Ebbene, con riferimento alla prima questione, la Consulta ha dichiarato la stessa inammissibile, affermando che 

giurisprudenza

l'eventuale introduzione di un terzo genere di stato civile non può che spettare al solo Legislatore. Tale scelta, infatti, comporterebbe un cambio significativo della legislazione vigente in diversi settori regolati dalla logica binaria, in primis del diritto di famiglia, ma anche del diritto del lavoro, dello sport, dello stato civile e del prenome, oltre alla conformazione dei “luoghi di contatto”, come ospedali, carceri e simili.

All'inammissibilità tuttavia si accompagna la riflessione dei Giudici su tutte quelle situazioni in cui la persona si percepisca come non appartenente né al genere femminile, né a quello maschile, rilevando come tale mancata identificazione generi un forte disagio rispetto al principio personalistico cui l'ordinamento costituzionale riconosce centralità all'art. 2 Cost.. Ciò, peraltro, potrebbe costituire fonte di disparità di trattamento ovvero compromettere il benessere psico-fisico della persona, tematica che si lega a quella della dignità sociale e della tutela della salute (artt. 3 e 32 Cost.).
Alla luce di ciò, la Consulta invita il Legislatore a non ignorare la tematica e ad occuparsi al più presto della condizione non binaria, in comparazione con le altre realtà UE.

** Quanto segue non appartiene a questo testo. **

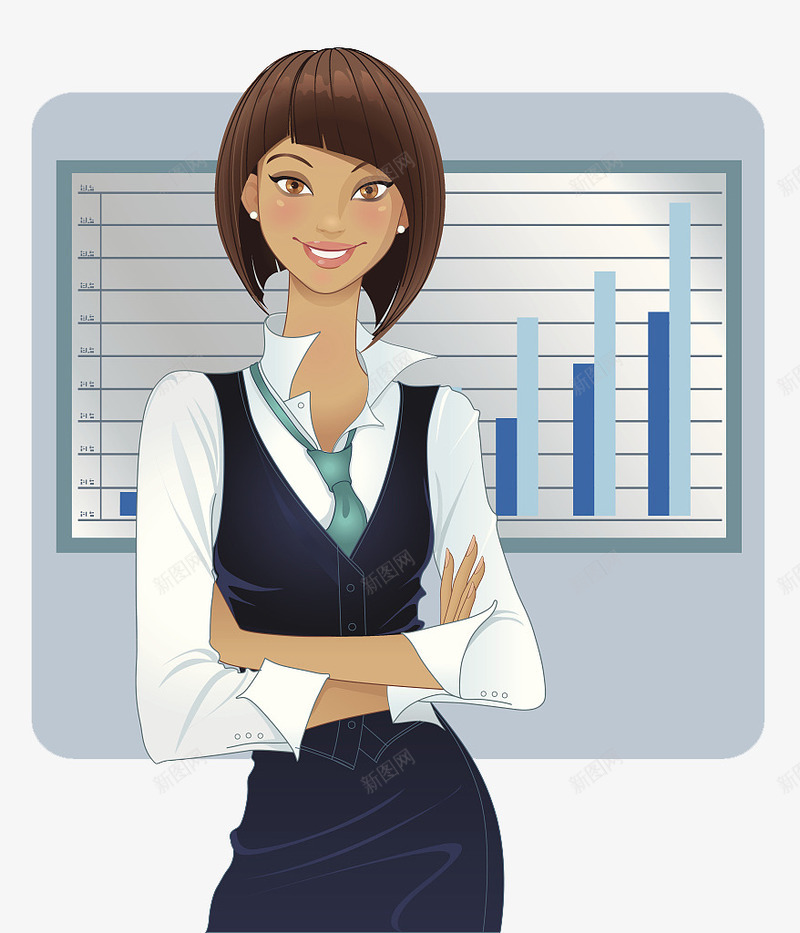 双手抱胸的时髦职业女性png免抠素材_新图网 https://ixintu.com 人物插图 卡通人物 双人抱肩 双手抱胸 数据 时髦 职业女性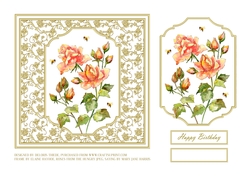 Watercolor Roses Birthday Topper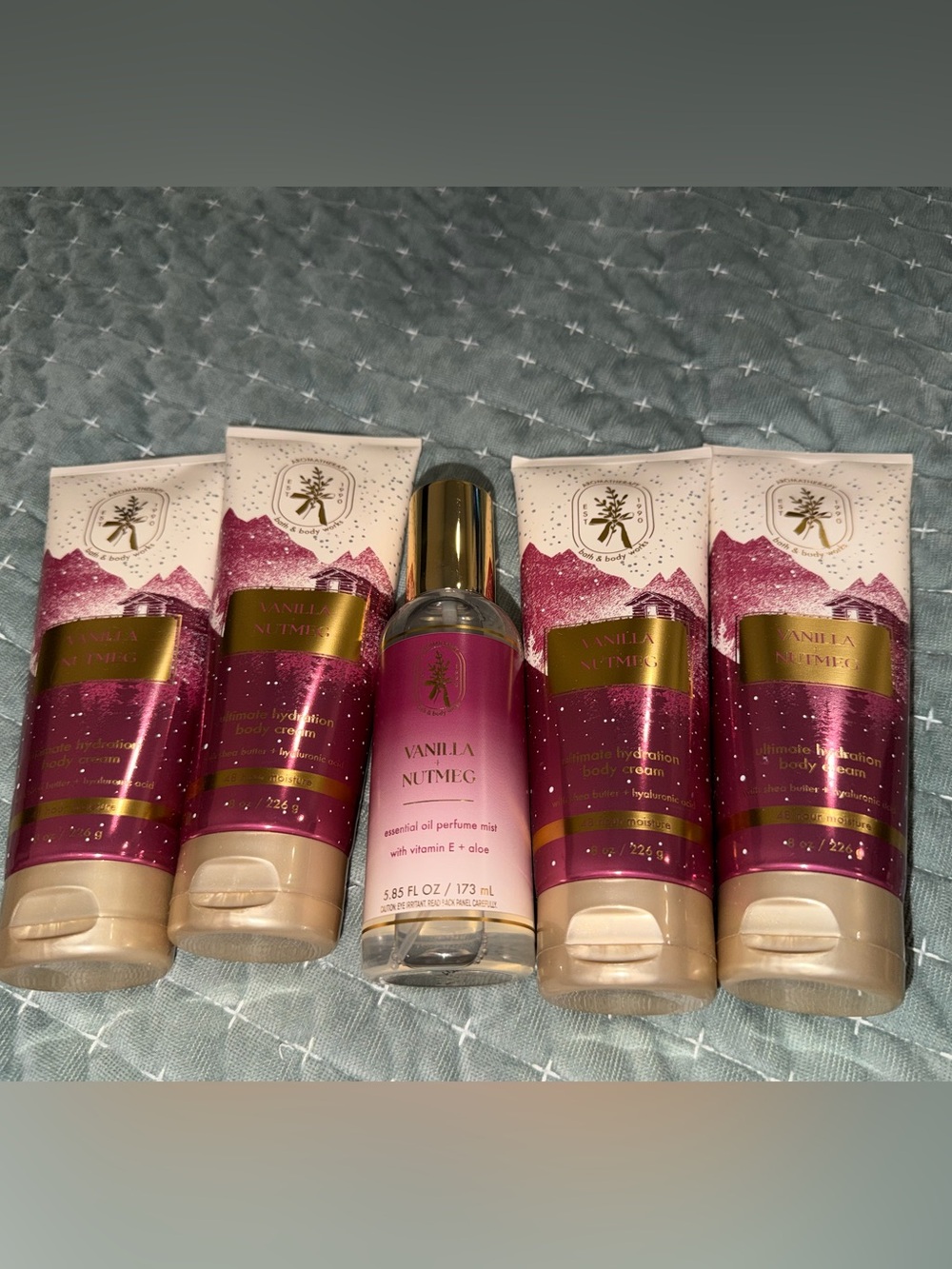 Bath & Body Works Vanilla Nutmeg Body Creams & Essential Oil Mist - Pink & Gold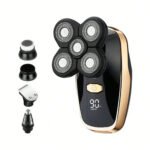Five-Knife-Headed Bald Artifact, Full-Body Water-Washed Electric Razor, Self-Scraping To Remove Hand Residues, Quick Shaving Without Stubble, For Men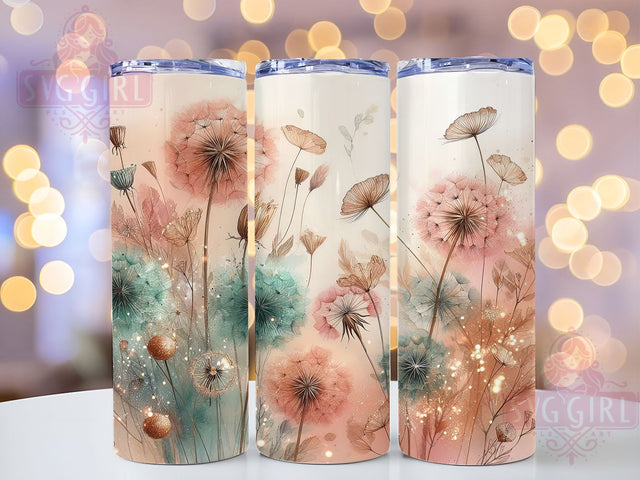 Pastel Dandelion Whimsy Tumbler Wrap, Whimsical Flower Design, Spring Dandelion Art, Pastel Garden Cup, Dainty Flower Gift, Feminine Nature Wrap, Delicate Sublimation Sublimation SvggirlplusArt 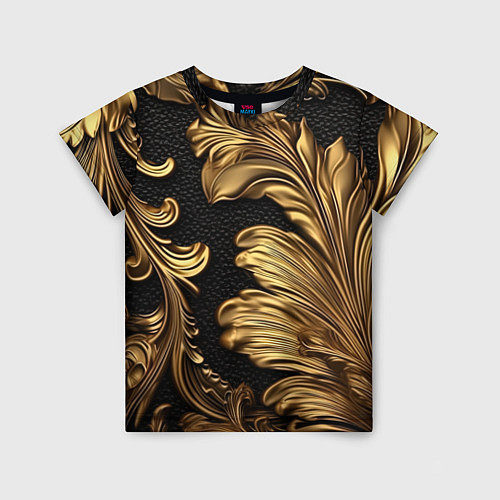 Детская футболка Золотые листья винтажные лепнина / 3D-принт – фото 1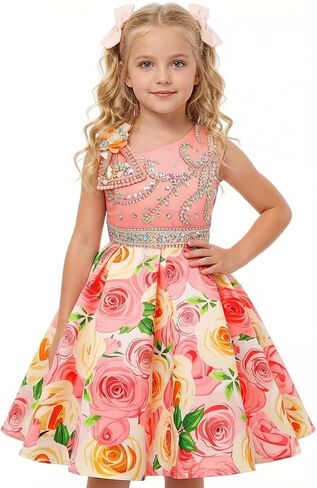 Handmade Rhinestones Beaded Dresses Pageant Prom Dresses Birthday Party Tutu Ball Gowns in Saudi Arabia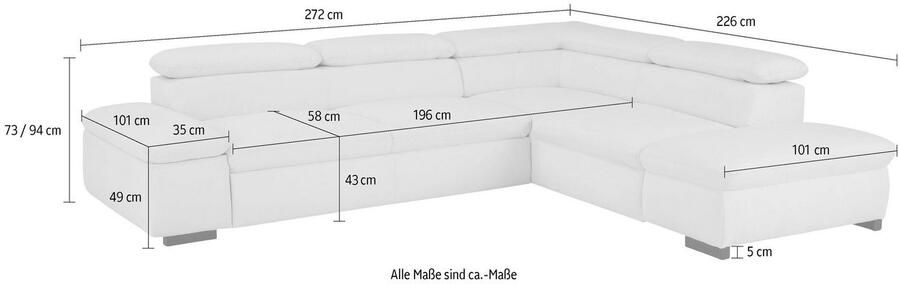 Home affaire Hoekbank Alberto L-vorm met verstelbare hoofdsteun naar keuze met slaapfunctie - Foto 12
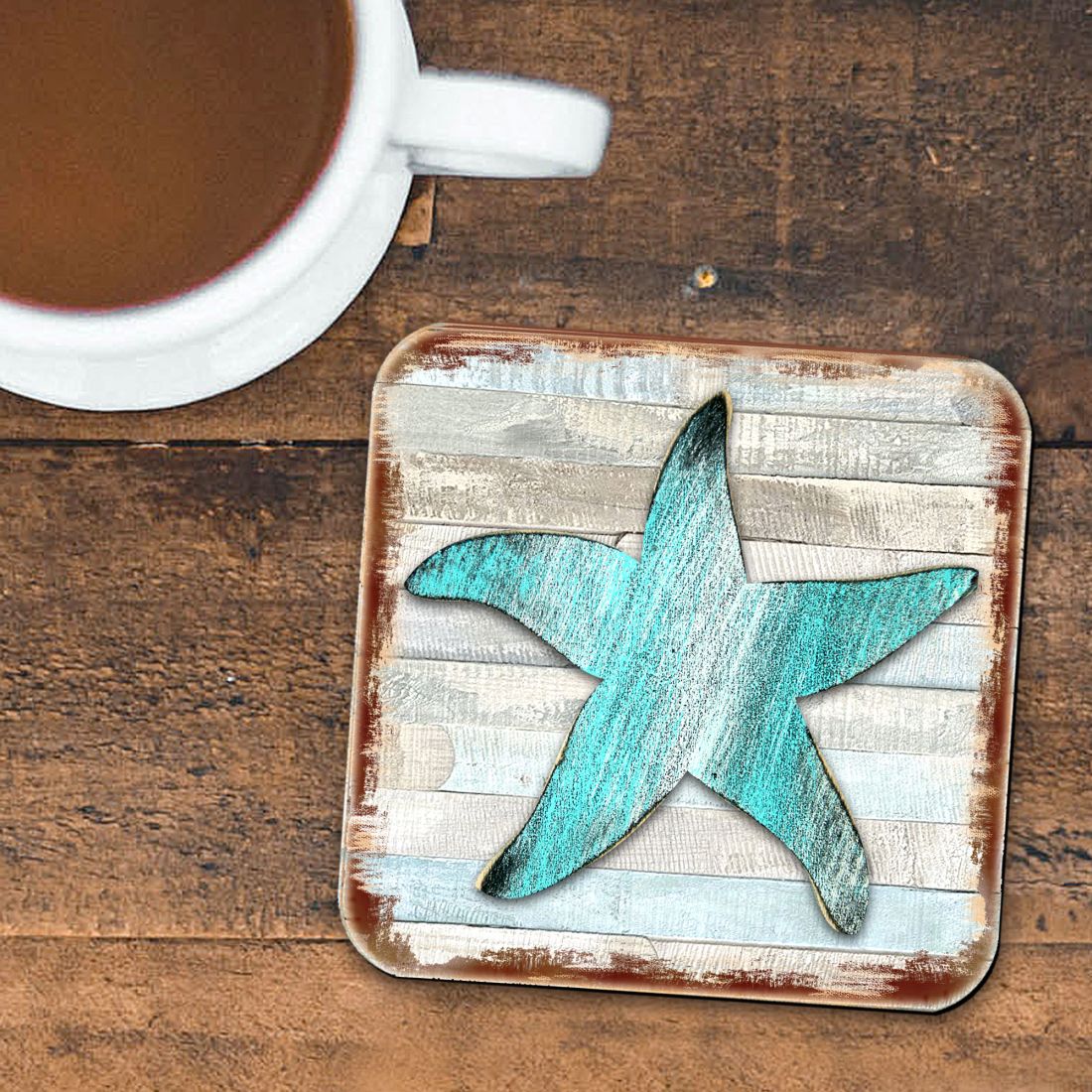 Picture of Nature Wonders 8198531-9C-S4 4 x 4 in. Starfish Coastal Wooden Cork Coasters Gift - Set of 4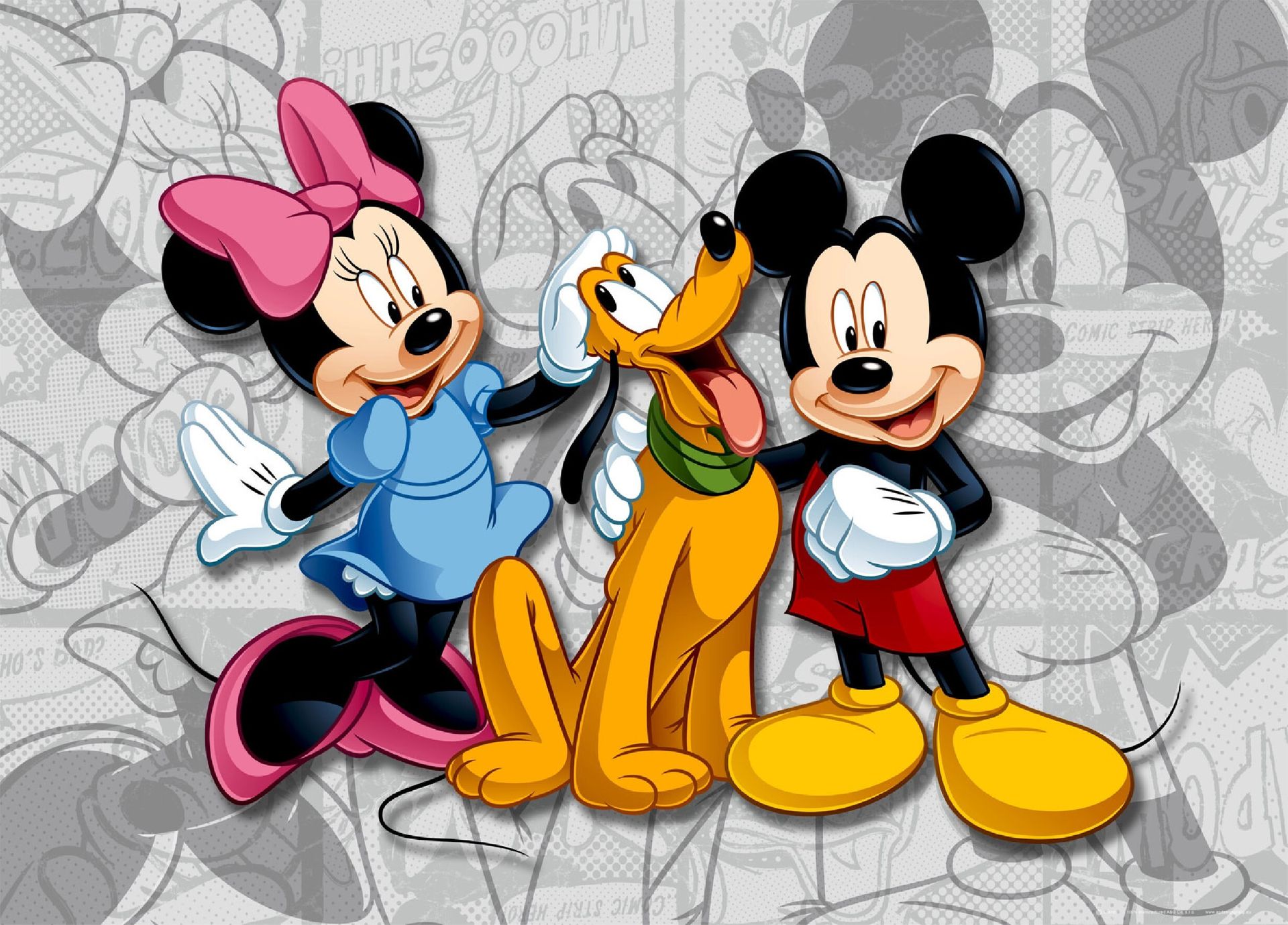 Disney plakat Myszka Minnie i Miki szarym,różowymIczerwonym - 600645 - 160 x 110 cm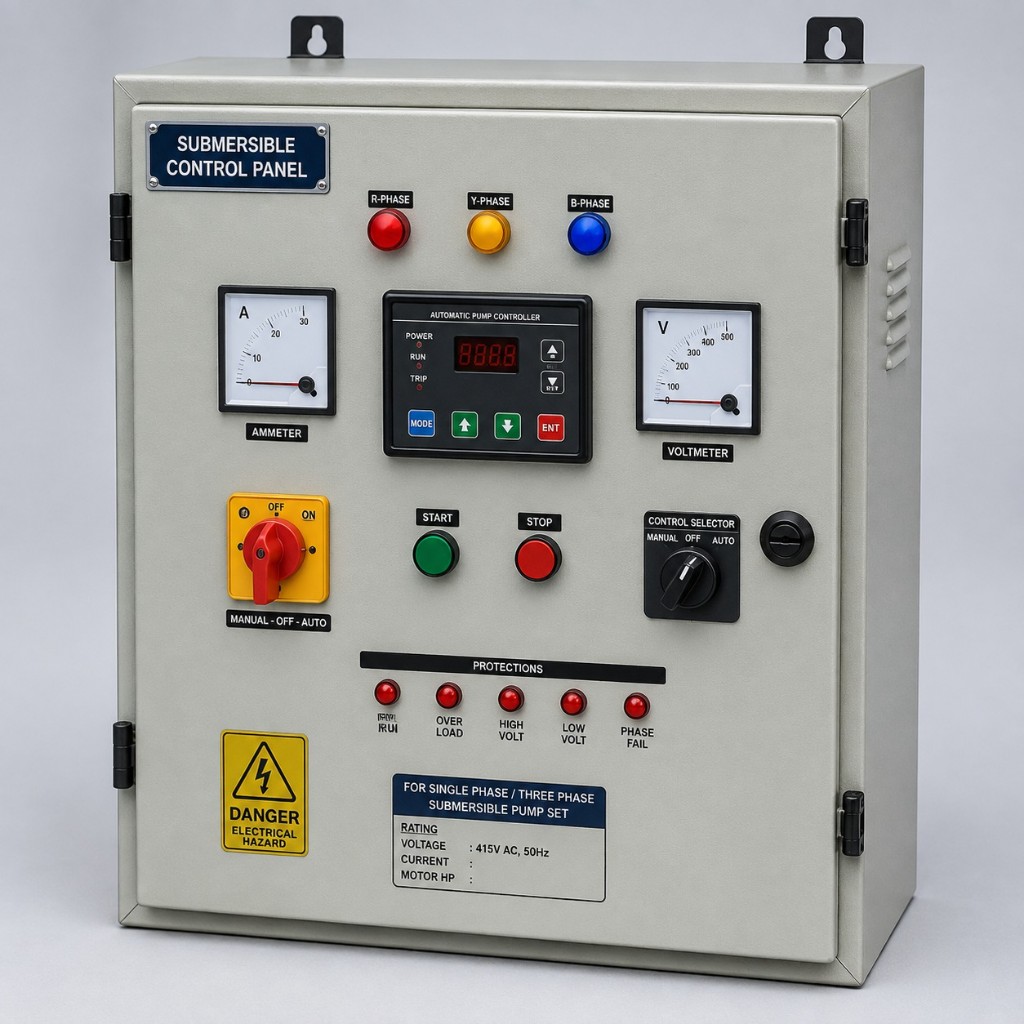 Submersible control panel with ammeter, voltmeter and automatic pump controller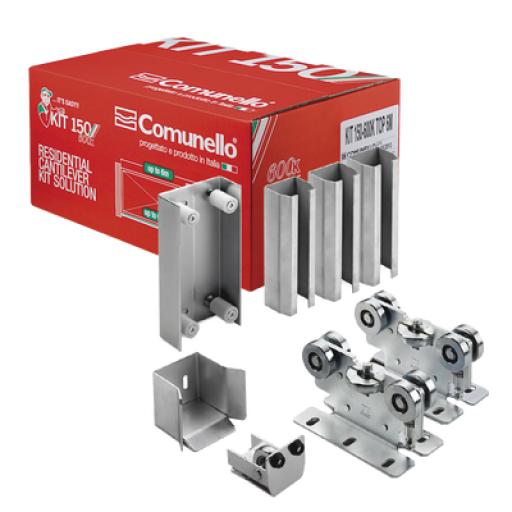 COMUNELLO KIT para puertas autoportantes de hasta 3 m y 600 kg con guia para puertas corredizas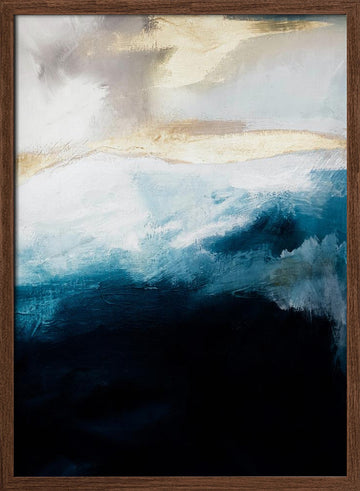 Deep Blue Gold Waves | Poster - Walnut Frame Interior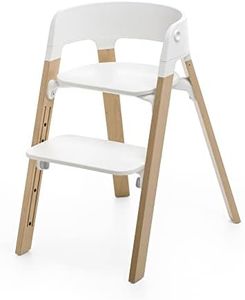 Stokke Steps Chair, Natural Legs & White Seat - 5-in-1 Seat System - Transform Into Newborn + Toddler High Chair - Use Through Childhood or Up to 85kg/187 lbs. - Tool-Free, Stylish & Adjustable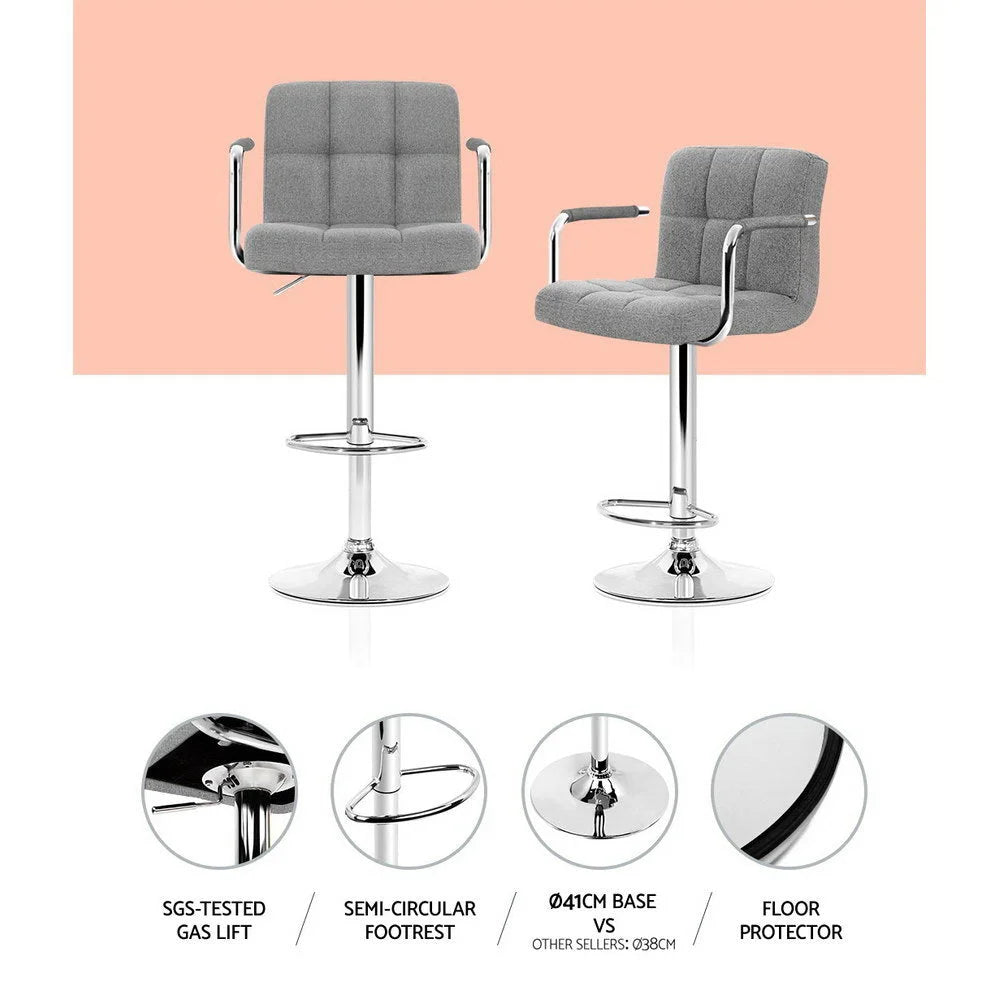 Bar Stools Set of 2 Gas lift Swivel - Steel and Grey - Bar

Diverso epilogo ha la seconda questione, che la Corte costituzionale dichiara invece fondata, dichiarando l'incostituzionalità della norma censurata.

giurisprudenza

Come rileva la Corte, il percorso di transizione di genere si compie già attraverso trattamenti ormonali e di sostegno psicologico e comportamentale, seppur in assenza di un vero e proprio intervento chirurgico. Allora, la prescrizione dell'autorizzazione del tribunale è palesemente irragionevole nella misura in cui riguardi un trattamento chirurgico che avverrebbe comunque dopo la già disposta rettificazione, poiché essa non è funzionale a determinare i presupposti della rettificazione che si sono già verificati in precedenza.